The lines from the start of the records through the one containing "Fauteuil danois à" are to be transcribed exactly, and nothing else.

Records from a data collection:
※

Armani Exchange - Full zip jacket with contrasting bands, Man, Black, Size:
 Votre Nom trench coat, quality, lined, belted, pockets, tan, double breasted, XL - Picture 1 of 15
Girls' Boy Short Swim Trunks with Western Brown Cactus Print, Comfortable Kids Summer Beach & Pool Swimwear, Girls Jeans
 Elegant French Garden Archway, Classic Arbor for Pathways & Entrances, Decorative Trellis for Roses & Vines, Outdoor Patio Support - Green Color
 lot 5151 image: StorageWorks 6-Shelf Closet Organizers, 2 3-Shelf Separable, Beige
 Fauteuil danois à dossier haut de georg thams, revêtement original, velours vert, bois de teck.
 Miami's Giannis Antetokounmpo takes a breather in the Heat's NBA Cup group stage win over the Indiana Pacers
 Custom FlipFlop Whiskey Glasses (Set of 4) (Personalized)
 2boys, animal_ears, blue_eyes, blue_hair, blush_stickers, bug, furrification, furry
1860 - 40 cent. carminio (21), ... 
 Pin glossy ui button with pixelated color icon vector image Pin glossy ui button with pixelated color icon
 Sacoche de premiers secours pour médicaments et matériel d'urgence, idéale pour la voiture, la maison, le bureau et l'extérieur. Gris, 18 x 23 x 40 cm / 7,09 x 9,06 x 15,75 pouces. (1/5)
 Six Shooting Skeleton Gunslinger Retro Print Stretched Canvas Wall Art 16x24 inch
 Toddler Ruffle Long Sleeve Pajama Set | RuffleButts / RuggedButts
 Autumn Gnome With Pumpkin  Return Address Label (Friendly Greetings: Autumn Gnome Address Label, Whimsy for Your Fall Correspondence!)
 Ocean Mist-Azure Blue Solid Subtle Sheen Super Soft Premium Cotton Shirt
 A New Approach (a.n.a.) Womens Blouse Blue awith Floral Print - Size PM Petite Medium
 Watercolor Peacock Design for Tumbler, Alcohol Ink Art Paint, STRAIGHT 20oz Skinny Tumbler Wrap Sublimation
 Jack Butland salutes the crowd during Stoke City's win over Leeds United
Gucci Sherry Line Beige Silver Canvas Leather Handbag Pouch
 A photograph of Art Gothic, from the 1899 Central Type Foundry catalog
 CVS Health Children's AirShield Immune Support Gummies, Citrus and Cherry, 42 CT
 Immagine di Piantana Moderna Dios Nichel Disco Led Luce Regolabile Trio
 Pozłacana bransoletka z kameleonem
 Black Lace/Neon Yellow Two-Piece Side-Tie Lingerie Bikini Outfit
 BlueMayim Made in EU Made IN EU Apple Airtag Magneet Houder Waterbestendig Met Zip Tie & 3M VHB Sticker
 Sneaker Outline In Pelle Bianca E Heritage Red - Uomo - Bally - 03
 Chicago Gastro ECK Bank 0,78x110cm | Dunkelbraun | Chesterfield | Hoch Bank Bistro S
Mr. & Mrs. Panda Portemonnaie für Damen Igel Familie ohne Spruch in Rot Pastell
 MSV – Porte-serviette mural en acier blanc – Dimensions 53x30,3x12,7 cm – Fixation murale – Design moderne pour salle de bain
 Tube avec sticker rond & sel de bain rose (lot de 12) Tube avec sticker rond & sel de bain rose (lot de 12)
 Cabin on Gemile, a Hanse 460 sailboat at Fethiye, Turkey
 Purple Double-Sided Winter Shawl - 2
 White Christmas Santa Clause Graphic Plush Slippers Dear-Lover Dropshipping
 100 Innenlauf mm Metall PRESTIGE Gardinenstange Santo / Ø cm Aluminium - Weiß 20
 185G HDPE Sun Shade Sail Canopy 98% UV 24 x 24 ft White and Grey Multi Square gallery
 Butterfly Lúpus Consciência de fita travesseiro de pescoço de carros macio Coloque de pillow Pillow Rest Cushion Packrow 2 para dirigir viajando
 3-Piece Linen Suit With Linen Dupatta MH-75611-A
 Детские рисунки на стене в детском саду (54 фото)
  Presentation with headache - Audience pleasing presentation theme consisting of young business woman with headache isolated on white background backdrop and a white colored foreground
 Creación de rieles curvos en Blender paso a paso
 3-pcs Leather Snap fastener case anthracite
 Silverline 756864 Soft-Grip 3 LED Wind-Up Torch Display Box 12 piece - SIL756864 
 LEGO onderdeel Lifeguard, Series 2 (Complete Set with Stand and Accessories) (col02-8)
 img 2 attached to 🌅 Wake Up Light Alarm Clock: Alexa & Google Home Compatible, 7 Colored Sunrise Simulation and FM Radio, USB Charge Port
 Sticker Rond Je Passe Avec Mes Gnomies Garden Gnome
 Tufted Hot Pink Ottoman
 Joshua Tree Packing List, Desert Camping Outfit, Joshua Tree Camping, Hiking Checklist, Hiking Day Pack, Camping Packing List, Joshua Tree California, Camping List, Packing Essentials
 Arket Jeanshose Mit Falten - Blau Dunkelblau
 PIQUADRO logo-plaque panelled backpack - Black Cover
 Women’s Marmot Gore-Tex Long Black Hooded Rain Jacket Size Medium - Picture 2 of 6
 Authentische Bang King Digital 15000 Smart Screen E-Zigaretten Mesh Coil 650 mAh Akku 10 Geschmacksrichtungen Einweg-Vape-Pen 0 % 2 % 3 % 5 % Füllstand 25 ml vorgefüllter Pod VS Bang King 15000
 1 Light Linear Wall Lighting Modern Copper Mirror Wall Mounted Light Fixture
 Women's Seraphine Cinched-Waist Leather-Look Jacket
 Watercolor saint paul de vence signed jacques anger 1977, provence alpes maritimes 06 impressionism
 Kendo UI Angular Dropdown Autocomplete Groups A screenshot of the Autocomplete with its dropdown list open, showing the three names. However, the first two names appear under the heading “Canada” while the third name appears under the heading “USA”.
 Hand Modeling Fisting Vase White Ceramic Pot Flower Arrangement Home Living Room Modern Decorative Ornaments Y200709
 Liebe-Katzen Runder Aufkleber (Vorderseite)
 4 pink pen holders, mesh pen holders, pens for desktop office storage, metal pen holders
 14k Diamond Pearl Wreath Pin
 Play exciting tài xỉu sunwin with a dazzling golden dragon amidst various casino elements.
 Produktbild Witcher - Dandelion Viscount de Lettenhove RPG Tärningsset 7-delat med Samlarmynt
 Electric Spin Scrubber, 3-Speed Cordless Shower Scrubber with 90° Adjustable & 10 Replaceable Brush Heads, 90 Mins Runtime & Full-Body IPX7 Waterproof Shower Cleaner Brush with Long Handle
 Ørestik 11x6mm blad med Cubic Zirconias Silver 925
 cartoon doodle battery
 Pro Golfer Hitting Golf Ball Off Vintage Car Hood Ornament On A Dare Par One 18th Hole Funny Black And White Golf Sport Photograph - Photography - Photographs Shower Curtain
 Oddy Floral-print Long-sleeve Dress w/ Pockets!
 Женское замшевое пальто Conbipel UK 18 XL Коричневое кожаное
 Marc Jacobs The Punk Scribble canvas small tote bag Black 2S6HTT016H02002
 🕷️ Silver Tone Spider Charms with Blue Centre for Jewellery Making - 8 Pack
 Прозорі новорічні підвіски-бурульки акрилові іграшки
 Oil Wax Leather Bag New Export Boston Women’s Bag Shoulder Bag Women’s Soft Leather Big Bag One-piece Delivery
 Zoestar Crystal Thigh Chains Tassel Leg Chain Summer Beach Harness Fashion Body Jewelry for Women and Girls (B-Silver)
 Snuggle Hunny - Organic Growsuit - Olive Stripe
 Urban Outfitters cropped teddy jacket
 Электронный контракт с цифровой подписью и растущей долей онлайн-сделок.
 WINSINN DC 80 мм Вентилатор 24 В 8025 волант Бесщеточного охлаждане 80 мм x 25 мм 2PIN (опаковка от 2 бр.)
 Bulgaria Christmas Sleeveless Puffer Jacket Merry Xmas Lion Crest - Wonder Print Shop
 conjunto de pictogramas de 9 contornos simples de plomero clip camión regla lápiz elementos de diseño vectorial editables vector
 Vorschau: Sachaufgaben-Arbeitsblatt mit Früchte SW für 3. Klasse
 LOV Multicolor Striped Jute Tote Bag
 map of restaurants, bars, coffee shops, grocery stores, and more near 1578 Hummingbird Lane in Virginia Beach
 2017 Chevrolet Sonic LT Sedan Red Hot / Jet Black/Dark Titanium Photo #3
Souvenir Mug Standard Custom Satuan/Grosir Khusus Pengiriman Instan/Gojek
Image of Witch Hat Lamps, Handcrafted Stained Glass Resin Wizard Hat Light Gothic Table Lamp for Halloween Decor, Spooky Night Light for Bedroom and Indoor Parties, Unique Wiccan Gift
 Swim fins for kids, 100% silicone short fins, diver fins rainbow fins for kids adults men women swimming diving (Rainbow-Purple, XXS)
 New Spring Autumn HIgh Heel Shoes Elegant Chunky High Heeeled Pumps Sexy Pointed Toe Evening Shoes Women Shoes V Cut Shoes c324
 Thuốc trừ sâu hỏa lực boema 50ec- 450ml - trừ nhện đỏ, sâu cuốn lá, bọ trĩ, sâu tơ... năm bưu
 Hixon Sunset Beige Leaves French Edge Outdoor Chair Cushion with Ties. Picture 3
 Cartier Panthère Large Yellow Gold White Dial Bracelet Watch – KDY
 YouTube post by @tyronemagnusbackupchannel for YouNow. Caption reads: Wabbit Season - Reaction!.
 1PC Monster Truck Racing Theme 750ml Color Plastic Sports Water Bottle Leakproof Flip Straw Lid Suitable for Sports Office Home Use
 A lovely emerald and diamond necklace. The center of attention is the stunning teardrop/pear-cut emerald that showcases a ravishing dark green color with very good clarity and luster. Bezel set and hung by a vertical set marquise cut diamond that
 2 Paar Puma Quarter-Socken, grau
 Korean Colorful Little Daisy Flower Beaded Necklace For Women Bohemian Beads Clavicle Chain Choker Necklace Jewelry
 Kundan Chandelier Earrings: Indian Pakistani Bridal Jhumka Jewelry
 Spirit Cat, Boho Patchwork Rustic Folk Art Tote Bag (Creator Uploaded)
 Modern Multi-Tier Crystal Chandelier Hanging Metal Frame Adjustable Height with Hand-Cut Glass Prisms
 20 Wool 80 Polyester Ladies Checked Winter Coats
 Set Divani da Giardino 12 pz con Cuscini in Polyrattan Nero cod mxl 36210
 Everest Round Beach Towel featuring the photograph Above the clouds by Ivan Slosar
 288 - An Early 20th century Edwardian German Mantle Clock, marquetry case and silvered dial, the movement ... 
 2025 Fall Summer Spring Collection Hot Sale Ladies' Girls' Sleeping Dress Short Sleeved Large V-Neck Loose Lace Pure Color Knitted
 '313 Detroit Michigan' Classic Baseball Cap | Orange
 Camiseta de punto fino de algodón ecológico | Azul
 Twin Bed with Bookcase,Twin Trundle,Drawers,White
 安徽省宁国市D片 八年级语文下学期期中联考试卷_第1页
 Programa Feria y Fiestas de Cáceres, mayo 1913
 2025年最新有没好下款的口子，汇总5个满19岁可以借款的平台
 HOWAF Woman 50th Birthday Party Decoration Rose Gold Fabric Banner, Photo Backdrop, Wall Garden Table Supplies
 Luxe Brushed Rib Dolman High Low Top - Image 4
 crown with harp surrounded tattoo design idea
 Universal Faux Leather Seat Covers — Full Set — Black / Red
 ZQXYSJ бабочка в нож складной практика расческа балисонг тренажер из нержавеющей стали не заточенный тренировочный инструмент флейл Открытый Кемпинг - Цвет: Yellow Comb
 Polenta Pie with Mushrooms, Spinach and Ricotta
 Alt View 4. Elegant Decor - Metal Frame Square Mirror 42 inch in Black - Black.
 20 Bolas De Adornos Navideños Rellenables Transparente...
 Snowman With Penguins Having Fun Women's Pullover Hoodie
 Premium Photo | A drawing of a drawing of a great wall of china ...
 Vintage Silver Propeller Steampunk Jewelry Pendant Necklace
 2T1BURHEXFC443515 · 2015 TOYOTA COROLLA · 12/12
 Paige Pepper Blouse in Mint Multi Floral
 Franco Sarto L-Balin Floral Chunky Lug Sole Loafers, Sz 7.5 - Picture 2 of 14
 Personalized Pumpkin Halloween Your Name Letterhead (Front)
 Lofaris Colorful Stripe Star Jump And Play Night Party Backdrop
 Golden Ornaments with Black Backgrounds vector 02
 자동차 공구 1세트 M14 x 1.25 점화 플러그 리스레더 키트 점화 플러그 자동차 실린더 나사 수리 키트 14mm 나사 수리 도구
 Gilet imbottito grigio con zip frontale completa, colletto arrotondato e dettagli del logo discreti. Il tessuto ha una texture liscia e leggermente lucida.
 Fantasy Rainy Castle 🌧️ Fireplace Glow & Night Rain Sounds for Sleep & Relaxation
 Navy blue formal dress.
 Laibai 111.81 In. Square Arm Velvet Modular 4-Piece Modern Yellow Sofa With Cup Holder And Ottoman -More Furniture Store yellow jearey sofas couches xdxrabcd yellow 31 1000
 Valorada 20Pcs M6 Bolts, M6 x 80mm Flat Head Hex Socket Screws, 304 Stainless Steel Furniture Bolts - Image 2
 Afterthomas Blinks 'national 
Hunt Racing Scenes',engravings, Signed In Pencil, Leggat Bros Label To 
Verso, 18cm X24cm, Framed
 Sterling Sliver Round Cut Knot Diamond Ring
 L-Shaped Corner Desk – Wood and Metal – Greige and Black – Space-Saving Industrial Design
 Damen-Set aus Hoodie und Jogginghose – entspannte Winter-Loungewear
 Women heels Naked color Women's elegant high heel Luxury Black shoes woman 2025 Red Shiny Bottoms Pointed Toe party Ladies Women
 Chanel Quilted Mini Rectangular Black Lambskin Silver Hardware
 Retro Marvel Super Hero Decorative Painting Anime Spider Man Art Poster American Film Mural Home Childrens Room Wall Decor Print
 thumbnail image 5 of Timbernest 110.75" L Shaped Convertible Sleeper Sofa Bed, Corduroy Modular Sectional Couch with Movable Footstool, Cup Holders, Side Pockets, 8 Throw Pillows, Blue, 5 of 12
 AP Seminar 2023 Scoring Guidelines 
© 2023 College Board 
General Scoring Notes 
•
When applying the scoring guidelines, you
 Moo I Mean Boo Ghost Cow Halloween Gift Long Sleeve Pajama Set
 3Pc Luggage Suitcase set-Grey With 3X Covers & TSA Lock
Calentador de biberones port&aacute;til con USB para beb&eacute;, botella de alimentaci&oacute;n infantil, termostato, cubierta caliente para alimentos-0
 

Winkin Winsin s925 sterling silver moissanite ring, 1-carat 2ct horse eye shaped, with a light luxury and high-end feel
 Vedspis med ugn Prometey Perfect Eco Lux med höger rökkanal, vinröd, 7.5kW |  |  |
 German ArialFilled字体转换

※

= RESULT BELOW =
Armani Exchange - Full zip jacket with contrasting bands, Man, Black, Size:
 Votre Nom trench coat, quality, lined, belted, pockets, tan, double breasted, XL - Picture 1 of 15
Girls' Boy Short Swim Trunks with Western Brown Cactus Print, Comfortable Kids Summer Beach & Pool Swimwear, Girls Jeans
 Elegant French Garden Archway, Classic Arbor for Pathways & Entrances, Decorative Trellis for Roses & Vines, Outdoor Patio Support - Green Color
 lot 5151 image: StorageWorks 6-Shelf Closet Organizers, 2 3-Shelf Separable, Beige
 Fauteuil danois à dossier haut de georg thams, revêtement original, velours vert, bois de teck.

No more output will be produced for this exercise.